WORK ITEM -> Through the line that contains "Load image into", return the data below exactly, starting at its first line; leave the rest out.

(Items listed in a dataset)

---*---

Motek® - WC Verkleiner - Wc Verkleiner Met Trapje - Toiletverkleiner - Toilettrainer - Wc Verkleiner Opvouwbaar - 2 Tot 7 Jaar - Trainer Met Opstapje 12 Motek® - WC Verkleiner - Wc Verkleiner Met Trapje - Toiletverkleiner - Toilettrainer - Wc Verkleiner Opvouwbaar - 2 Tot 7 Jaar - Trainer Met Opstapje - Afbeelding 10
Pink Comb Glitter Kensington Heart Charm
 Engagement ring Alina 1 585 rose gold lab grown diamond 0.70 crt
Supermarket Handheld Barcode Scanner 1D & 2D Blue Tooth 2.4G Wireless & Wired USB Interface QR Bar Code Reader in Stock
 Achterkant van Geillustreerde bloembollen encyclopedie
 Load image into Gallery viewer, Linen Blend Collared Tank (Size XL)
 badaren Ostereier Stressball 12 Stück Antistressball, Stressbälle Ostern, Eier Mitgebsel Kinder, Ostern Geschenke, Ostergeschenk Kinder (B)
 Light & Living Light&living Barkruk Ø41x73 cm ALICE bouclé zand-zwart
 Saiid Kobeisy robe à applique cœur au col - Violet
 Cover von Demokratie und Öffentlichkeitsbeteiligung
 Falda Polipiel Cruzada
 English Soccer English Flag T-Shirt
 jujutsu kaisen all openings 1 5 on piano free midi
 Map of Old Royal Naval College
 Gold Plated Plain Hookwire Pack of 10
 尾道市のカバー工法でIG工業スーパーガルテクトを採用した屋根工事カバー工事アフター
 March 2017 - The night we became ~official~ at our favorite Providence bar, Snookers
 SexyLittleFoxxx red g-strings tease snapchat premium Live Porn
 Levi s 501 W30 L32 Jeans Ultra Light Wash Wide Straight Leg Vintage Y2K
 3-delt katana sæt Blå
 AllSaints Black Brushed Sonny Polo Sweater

---*---

SOLUTION TO THE EXERCISE ->
Motek® - WC Verkleiner - Wc Verkleiner Met Trapje - Toiletverkleiner - Toilettrainer - Wc Verkleiner Opvouwbaar - 2 Tot 7 Jaar - Trainer Met Opstapje 12 Motek® - WC Verkleiner - Wc Verkleiner Met Trapje - Toiletverkleiner - Toilettrainer - Wc Verkleiner Opvouwbaar - 2 Tot 7 Jaar - Trainer Met Opstapje - Afbeelding 10
Pink Comb Glitter Kensington Heart Charm
 Engagement ring Alina 1 585 rose gold lab grown diamond 0.70 crt
Supermarket Handheld Barcode Scanner 1D & 2D Blue Tooth 2.4G Wireless & Wired USB Interface QR Bar Code Reader in Stock
 Achterkant van Geillustreerde bloembollen encyclopedie
 Load image into Gallery viewer, Linen Blend Collared Tank (Size XL)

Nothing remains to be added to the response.